Chondrocytes were treated with PEG-PAMAM-Cy5.5 or tgg2-PEG-PAMAM-Cy5.5 and incubated at 37 °C for 1–8 h. For one set of cells, after 2, 4 and 8 h of incubation, they were fixed with 4% paraformaldehyde for 30 minutes, stained with DAPI, and observed under a laser confocal microscope (Carl Zeiss Microscopy LLC, Jena, Germany) to assess NP uptake at different time points. For another set of cells, after incubation for 1, 3 and 6 h, they were further incubated at 37°C for 1 h in cell culture medium containing 50 nmol/L DAPI and 100 nmol/L LysoTracker Green. After incubation, cells were fixed with 4% paraformaldehyde and observed under a laser confocal microscope (Carl Zeiss Microscopy LLC) to evaluate the intracellular distribution of NPs at different time points.

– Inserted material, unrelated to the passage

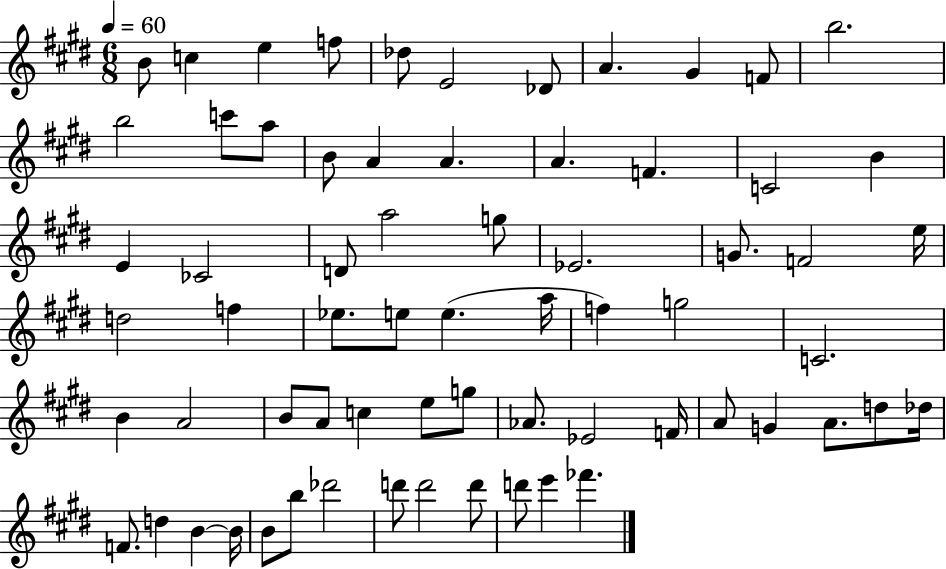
B4/e C5/q E5/q F5/e Db5/e E4/h Db4/e A4/q. G#4/q F4/e B5/h. B5/h C6/e A5/e B4/e A4/q A4/q. A4/q. F4/q. C4/h B4/q E4/q CES4/h D4/e A5/h G5/e Eb4/h. G4/e. F4/h E5/s D5/h F5/q Eb5/e. E5/e E5/q. A5/s F5/q G5/h C4/h. B4/q A4/h B4/e A4/e C5/q E5/e G5/e Ab4/e. Eb4/h F4/s A4/e G4/q A4/e. D5/e Db5/s F4/e. D5/q B4/q B4/s B4/e B5/e Db6/h D6/e D6/h D6/e D6/e E6/q FES6/q.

In vivo targeting analysis of NPs

Male DBA/1J WT mice aged 8-10 weeks were intra-articularly injected with Free Cy5.5, PAMAM-Cy5.5, or tgg2-PAMAM-Cy5.5 at a dose of 5 mg/mL, 10 μL. Mice were euthanized on days 1, 3, 5 and 10, and their organs and limbs were dissected. Tissues were examined using the CALIPER IVIS Lumina III in vivo imaging system (PerkinElmer, USA) to detect tissue fluorescence (λex: 640 nm, λem: 680 nm).

Statistical analysis

Data are presented as the mean ± SD of three independent experiments. Differences between two groups were determined using the Wilcoxon rank-sum test or Student’s t-test, while variance analysis (ANOVA) or the Kruskal–Wallis test was used for comparisons among three groups, based on the data type. Spearman correlation was used to assess the correlation between clinical information and the differential abundance of taxa. All graphs and statistical analyses were performed using GraphPad Prism 9 (GraphPad Software Inc., La Jolla, CA, USA).